| September/October 1970

Dayton Daily News & Radio's 'Joe's Journal'

'Oh come, come, come, come -- Come to the church in the wildwood. Oh come to the church in the vale ...'

There's no place so dear to this Spark Plug man, as the little white church by the side of the road where Woody Turner preaches 'salvation' for the lost souls of old, rusty gas engines.

The coal oil lights flickered late into the night at the little old Antioch Methodist country church. But there was no choir beckoning us to its door with the rendition of that old-time hymn, 'The Church In The Wildwood' as there once was calling sinners from across fields and meadows back to the fold. No bell was ringing in the belfry overhead.
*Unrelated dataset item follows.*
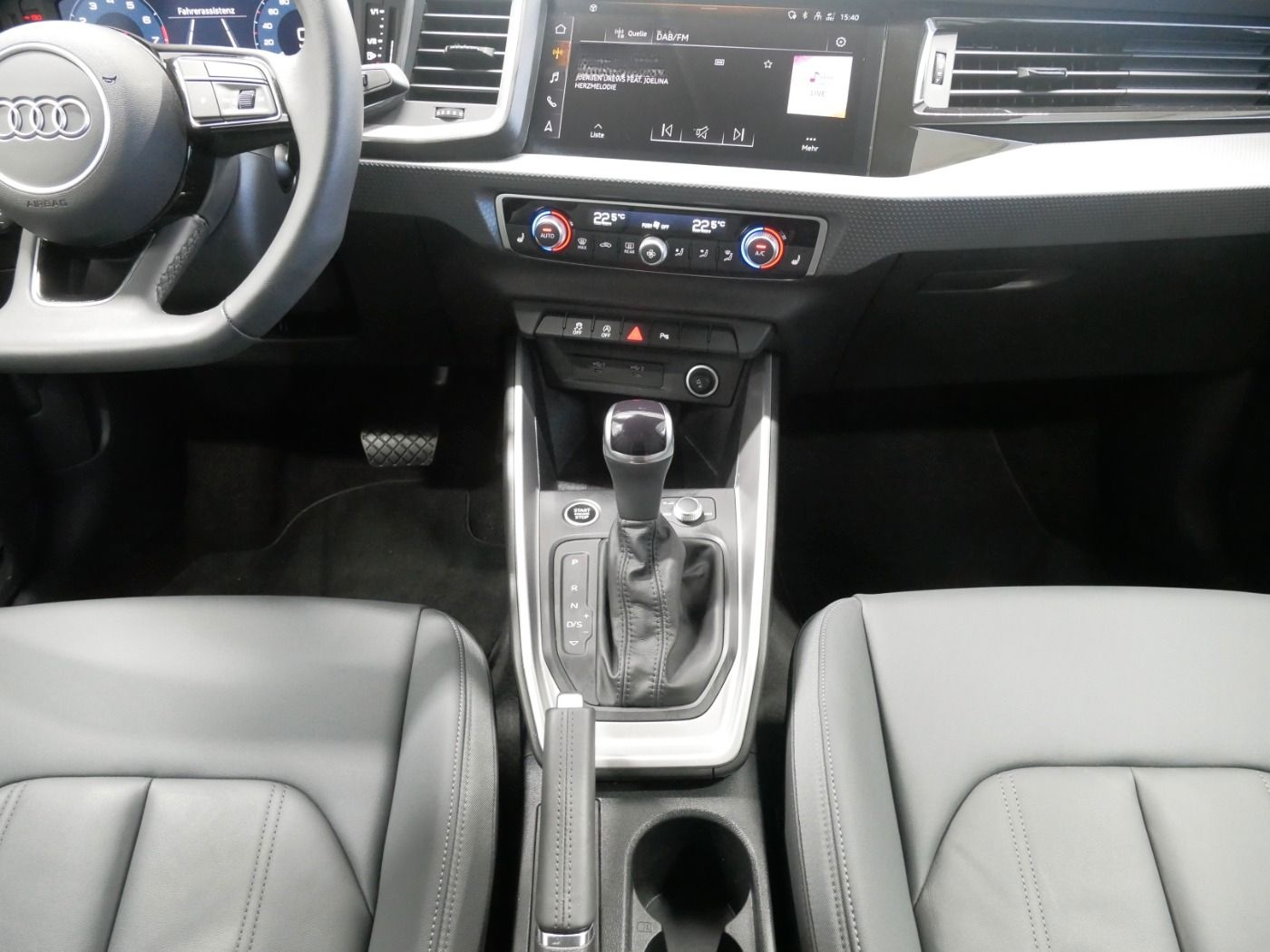 Audi A1 allstreet 30 TFSI S tro. LED virt. Cock. PDC+ foto 12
As we entered the silent portals and stalked quietly and rather hesitantly through the tiny vestibule, as if afraid we might disturb the evening worship, we almost wished there were a choir to stare at us and heads twisting on necks throughout the congregation as if asking, 'Who are those strangers in our midst?'

But, alas, the little country church has gone the way of other Americana so dear to our hearts -- a victim of the modern age. The human element of choir and congregation singing forth about the old-time religion was strangely silent. Instead there sat a solitary figure, feet propped up on some old wood crates and lolling back in an old swivel chair, blocking the aisle where once the deacons passed the collection plates. He seemed tired from his day's labors. Like a country preacher, looking over his evening's sermon, he was thumbing thoughtfully through some tattered pages -- not pages of Holy Writ, perhaps, but papers and programs pertaining to the forthcoming big Tri-State Gas Engine and Tractor Reunion soon to be held up Portland, Indiana-way.